* **Task instructions**:
Your answer should repeat exactly the lines from the one holding "Ford EcoSport Hatchback, Petrol, 2019, Red" through the end of the data, and it should contain no pictures.

* **Source material**:
--- START ---

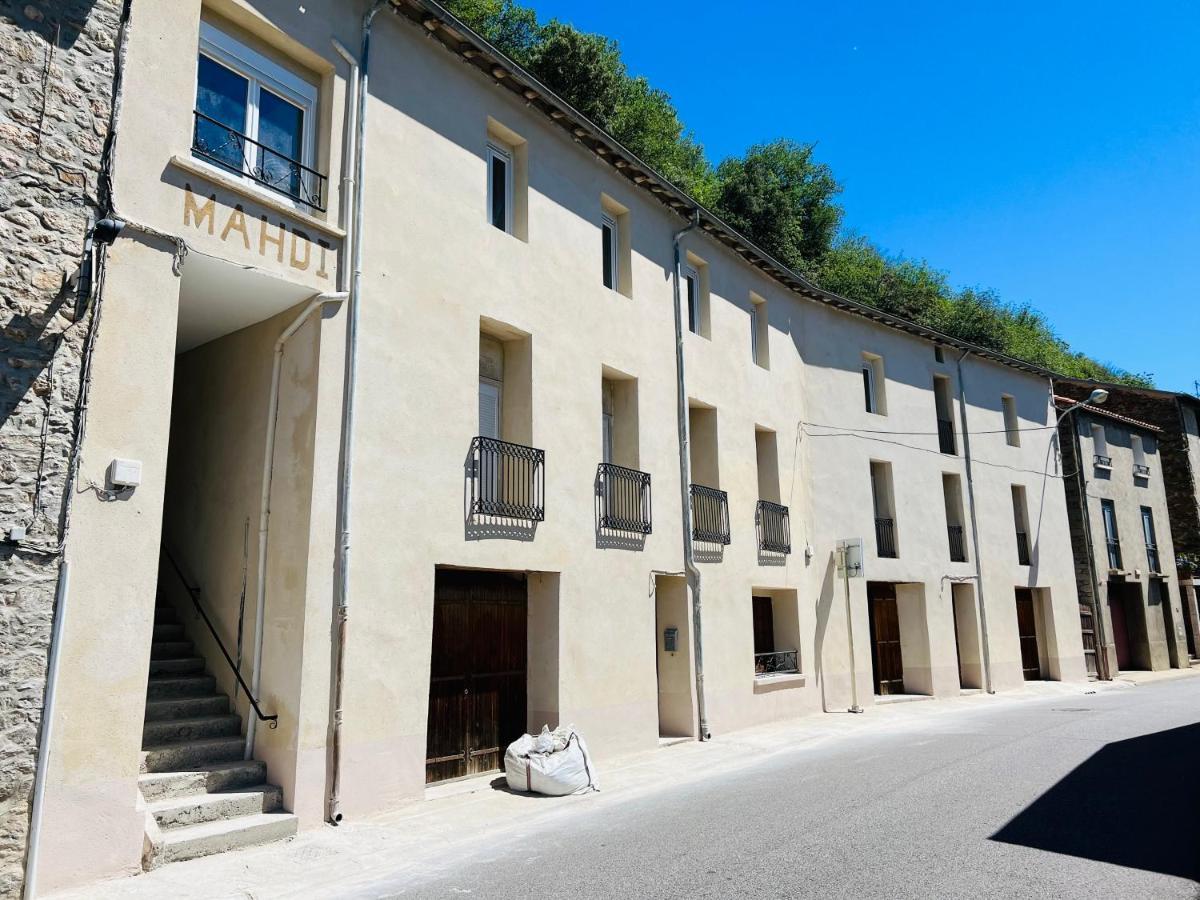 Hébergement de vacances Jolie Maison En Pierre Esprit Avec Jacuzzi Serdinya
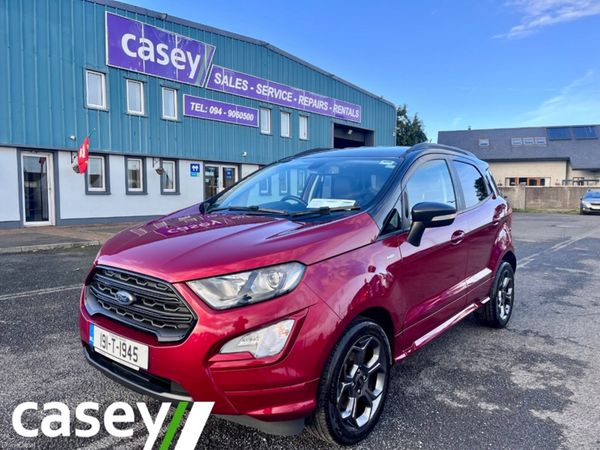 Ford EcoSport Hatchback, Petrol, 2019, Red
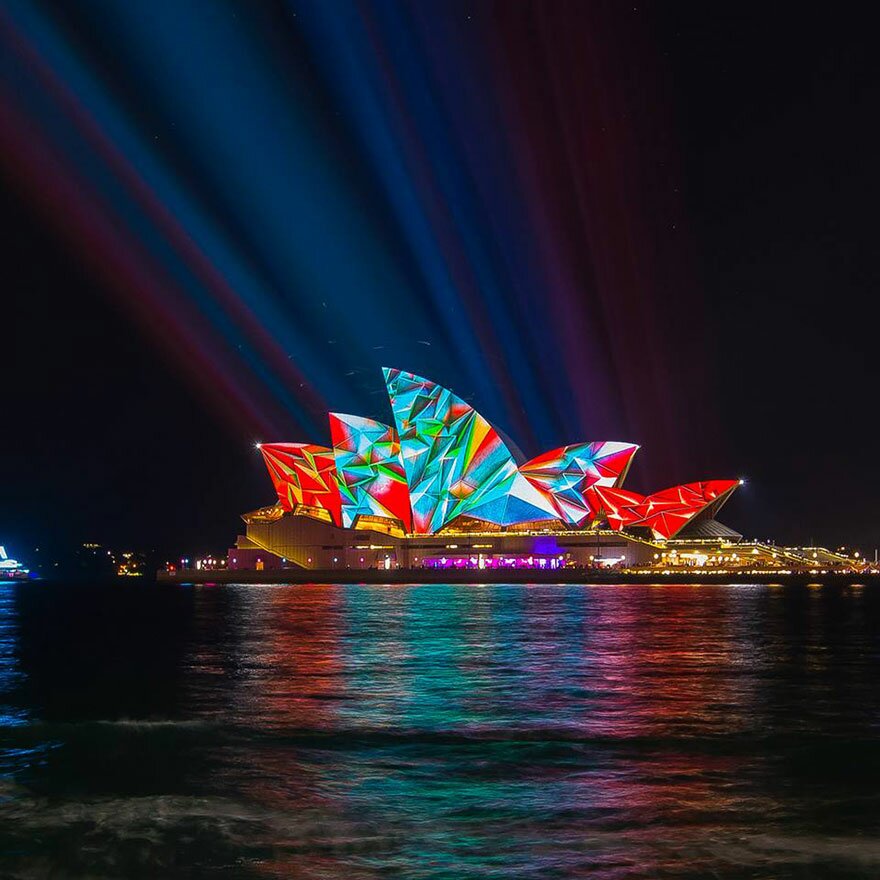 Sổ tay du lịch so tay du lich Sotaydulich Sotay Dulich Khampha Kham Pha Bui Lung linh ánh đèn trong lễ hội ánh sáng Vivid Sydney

--- END ---

* **Result for this exercise**:
 Ford EcoSport Hatchback, Petrol, 2019, Red
 Sổ tay du lịch so tay du lich Sotaydulich Sotay Dulich Khampha Kham Pha Bui Lung linh ánh đèn trong lễ hội ánh sáng Vivid Sydney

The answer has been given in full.